The current study is nested within a longitudinal research project initiated in 2005 entitled “Early Identification of Rheumatoid Arthritis in First Nations,” that was based at the Arthritis Centre at the University of Manitoba. The study and its consenting process were fully approved by the University of Manitoba Research Ethics Board and the Band Councils of the study's participating communities, the latter based on specific study agreements with the communities 15. Sera were sent in 2 sets, in a blinded manner, to Leiden University Medical Center. The first set was collected from a cross‐sectional cohort consisting of 10 RA patients and 84 ACPA‐positive FDRs. A second set of samples represented a longitudinal cohort of FDRs who had serial visits. As a quality control measure, there was intentional overlap, with 11 FDRs being in both sets (Table 1 and Supplementary Figure 1, on the Arthritis & Rheumatology web site at http://onlinelibrary.wiley.com/doi/10.1002/art.40920/abstract). Additional information on study design and IA case definition are available in the Supplementary Methods.

Table 1

Patient characteristics*

	Age, mean ± SD years	Female sex, no. (%)	CCP‐3, mean ± SD titer	Follow‐up duration, mean ± SD months
Cross‐sectional cohort
RA patients (n = 10)†	50 ± 10	9 (90)	148 ± 71	–
FDRs (n = 84)	38 ± 14	55 (65)	66 ± 68	–
FDRs included based on IgG ACPA QC (n = 15)	36 ± 12	11 (73)	131 ± 124	–
Longitudinal cohort
Transitioned FDRs (n = 13)‡	34 ± 14	9 (69)	122 ± 120	50 ± 28
Nontransitioned FDRs (n = 19)§	39 ± 15	12 (63)	49 ± 85	64 ± 24
Nontransitioned FDRs included based on IgG ACPA QC (n = 15)	40 ± 18	11 (73)	62 ± 90	45 ± 29

For relationships between donors, quality control, and number of samples, see Supplementary Figure 1 and Supplementary Methods (http://onlinelibrary.wiley.com/doi/10.1002/art.40920/abstract). CCP‐3 = cyclic citrullinated peptide 3.

Median disease duration of rheumatoid arthritis (RA) patients was 6.8 years (interquartile range 2.9–18.7). After quality control (QC) measures, samples from all 10 RA patients were included for analysis of IgG anti–citrullinated protein antibodies (ACPAs).
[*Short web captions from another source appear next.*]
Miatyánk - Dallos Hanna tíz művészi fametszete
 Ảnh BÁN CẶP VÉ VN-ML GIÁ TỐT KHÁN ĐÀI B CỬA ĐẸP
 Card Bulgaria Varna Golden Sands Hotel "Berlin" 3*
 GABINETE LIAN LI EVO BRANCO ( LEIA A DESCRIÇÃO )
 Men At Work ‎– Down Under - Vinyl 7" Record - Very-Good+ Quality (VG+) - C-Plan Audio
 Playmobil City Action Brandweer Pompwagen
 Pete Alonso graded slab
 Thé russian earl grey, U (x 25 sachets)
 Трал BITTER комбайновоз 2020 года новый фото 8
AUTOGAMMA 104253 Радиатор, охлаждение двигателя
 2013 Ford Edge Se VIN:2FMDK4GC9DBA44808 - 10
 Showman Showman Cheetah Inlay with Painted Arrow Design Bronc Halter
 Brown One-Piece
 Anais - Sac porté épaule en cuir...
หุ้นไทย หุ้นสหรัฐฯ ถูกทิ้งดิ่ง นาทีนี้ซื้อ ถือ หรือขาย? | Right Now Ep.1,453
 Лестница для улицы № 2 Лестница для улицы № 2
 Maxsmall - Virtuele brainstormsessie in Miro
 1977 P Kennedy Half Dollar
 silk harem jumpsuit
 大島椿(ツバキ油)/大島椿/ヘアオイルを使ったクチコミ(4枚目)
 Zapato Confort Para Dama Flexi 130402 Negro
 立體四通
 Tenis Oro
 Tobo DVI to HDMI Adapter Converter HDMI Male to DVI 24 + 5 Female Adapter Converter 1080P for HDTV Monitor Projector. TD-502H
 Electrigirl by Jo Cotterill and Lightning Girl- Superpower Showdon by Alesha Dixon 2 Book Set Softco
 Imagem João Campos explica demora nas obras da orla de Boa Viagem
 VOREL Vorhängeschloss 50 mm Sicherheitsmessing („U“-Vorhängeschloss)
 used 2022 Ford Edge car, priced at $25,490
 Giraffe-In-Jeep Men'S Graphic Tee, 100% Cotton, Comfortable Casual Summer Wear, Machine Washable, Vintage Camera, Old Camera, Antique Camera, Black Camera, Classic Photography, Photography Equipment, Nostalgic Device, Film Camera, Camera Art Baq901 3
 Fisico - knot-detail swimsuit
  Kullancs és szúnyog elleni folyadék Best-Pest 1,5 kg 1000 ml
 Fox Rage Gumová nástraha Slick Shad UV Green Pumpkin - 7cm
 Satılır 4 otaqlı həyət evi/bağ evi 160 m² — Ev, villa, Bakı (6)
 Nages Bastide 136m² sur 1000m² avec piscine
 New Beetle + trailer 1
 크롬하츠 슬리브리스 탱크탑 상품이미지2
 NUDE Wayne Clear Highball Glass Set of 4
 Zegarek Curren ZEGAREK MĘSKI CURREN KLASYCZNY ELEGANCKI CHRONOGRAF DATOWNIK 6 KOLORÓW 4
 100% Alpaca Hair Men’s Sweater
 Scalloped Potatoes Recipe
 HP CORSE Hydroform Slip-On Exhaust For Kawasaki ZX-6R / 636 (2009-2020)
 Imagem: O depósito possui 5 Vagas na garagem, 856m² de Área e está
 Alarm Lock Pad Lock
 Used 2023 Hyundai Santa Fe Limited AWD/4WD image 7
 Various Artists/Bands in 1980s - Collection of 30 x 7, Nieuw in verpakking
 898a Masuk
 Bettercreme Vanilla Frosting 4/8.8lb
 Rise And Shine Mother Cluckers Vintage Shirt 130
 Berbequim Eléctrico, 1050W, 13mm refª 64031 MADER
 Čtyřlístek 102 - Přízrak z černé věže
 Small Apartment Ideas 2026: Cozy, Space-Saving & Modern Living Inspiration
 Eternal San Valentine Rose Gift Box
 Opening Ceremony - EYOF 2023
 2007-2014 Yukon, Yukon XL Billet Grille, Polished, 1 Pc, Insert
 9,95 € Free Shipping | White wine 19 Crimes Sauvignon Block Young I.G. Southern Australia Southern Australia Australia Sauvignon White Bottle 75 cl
After QC measures, samples from all 13 transitioned first‐degree relatives (FDRs) were included for analysis of IgG and analysis of IgG ACPA. The mean ± SD follow‐up duration for samples included for analysis of IgG ACPA was 46 ± 24 months.

After QC measures, samples from all 19 nontransitioned FDRs were included for analysis of IgG.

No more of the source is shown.